Check each line of the entries below for the word "including", and copy out the ones that have it.

--- Supplied records Enclosed Below ---

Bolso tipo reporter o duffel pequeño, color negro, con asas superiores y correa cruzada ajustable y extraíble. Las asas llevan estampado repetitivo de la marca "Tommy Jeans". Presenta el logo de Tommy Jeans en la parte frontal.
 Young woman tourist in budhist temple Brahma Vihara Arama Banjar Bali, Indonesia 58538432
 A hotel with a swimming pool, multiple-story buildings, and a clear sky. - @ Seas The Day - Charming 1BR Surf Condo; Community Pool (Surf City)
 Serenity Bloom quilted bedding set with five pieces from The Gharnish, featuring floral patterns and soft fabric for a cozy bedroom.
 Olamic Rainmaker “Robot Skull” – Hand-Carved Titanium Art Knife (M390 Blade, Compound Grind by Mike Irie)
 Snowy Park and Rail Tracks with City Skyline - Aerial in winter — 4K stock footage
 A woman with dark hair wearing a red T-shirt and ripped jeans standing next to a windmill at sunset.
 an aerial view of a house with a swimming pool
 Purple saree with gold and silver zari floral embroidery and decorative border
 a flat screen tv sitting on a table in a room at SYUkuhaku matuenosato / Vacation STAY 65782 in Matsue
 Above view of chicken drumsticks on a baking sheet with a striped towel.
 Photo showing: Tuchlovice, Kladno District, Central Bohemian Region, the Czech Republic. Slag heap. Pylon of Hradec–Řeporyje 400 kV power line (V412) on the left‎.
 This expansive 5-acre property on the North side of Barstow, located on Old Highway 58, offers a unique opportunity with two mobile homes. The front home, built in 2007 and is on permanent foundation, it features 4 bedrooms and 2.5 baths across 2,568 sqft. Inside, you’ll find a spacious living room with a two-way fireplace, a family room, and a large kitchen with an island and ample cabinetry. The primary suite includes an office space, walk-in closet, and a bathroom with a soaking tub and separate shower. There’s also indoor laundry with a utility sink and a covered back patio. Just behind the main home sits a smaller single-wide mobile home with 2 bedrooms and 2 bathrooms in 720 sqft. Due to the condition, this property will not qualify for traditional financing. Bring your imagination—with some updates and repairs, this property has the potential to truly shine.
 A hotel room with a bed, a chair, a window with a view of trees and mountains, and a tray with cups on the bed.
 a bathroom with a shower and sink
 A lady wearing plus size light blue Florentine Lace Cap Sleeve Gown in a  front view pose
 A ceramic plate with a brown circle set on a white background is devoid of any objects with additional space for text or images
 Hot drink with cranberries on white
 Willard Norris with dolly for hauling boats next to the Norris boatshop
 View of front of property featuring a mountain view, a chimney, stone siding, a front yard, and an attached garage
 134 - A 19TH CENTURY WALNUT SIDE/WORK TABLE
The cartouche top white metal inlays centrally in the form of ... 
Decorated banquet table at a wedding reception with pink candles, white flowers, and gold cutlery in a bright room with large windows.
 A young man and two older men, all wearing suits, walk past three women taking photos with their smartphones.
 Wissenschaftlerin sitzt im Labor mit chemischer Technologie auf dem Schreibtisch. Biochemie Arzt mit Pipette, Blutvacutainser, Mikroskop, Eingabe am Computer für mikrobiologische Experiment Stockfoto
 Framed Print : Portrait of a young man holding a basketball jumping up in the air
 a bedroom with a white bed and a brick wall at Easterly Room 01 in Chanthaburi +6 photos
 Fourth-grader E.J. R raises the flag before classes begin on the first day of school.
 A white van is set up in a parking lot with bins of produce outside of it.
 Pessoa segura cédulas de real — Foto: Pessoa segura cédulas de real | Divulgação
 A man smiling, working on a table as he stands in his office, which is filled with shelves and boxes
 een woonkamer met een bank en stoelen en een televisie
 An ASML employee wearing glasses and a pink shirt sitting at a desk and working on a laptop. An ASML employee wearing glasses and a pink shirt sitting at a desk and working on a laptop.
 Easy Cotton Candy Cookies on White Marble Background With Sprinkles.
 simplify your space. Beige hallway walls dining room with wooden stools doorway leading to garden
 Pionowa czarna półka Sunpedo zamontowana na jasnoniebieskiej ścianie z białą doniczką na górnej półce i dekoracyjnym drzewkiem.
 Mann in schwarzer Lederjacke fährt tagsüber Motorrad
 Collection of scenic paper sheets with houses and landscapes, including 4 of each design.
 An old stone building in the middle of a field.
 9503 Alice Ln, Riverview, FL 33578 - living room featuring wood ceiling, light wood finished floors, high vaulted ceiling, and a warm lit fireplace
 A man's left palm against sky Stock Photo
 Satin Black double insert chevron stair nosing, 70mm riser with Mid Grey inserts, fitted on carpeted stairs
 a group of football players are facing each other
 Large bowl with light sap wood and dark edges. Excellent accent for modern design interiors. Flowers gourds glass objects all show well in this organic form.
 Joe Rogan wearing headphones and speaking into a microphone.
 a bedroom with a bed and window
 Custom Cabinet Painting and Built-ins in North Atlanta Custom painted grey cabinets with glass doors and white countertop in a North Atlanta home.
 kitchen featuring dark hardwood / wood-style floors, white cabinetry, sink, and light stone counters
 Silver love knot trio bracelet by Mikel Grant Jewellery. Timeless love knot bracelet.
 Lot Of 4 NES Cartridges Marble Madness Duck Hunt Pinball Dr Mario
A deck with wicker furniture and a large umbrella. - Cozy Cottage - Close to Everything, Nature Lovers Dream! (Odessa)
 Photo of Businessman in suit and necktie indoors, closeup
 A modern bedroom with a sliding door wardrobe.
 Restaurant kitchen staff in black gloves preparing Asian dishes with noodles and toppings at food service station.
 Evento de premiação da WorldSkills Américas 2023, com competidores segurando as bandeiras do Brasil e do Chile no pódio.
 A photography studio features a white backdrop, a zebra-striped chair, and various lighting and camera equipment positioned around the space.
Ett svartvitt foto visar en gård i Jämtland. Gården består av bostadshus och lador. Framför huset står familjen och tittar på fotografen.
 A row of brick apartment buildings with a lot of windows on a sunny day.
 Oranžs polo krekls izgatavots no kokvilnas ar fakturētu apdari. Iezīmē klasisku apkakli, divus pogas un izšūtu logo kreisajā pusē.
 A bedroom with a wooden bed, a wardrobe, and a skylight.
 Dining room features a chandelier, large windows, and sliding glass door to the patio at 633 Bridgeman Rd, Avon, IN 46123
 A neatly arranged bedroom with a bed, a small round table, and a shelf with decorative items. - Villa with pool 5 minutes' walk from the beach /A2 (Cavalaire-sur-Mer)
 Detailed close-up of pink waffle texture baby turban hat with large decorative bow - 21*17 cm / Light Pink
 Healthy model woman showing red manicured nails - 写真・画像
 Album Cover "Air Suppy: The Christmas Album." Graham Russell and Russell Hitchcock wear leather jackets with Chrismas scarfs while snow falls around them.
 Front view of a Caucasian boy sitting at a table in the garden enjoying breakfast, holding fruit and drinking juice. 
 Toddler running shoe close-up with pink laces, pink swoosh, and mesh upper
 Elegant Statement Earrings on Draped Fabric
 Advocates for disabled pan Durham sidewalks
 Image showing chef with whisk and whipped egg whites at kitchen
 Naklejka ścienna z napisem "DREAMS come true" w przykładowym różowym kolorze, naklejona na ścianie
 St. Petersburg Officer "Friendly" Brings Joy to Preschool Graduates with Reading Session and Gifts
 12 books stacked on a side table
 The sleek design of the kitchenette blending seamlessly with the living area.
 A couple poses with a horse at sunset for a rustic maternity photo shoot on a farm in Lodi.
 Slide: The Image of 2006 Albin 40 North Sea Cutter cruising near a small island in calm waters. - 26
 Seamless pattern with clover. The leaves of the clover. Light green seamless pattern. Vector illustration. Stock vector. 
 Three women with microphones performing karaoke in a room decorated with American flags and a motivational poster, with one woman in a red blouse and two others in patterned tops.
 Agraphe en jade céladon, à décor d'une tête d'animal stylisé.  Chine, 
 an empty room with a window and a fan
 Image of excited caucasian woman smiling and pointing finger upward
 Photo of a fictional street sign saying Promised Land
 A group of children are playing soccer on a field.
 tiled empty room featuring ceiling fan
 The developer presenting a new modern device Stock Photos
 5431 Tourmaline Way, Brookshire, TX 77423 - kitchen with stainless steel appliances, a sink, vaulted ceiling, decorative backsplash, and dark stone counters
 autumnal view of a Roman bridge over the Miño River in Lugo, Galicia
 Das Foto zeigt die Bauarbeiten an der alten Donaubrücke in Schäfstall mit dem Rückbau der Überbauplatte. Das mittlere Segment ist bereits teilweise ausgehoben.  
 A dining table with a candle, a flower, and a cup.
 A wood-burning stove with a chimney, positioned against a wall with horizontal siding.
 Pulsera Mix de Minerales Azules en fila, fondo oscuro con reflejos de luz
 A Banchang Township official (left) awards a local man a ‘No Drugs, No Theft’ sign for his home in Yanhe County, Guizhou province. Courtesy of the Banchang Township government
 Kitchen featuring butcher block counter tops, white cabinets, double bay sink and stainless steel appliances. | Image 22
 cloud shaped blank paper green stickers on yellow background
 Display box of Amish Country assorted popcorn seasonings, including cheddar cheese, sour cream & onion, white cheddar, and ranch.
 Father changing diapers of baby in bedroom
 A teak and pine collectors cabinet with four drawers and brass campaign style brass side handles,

--- End of Enclosed Supplied records ---

* Answer box:
 Collection of scenic paper sheets with houses and landscapes, including 4 of each design.
 Display box of Amish Country assorted popcorn seasonings, including cheddar cheese, sour cream & onion, white cheddar, and ranch.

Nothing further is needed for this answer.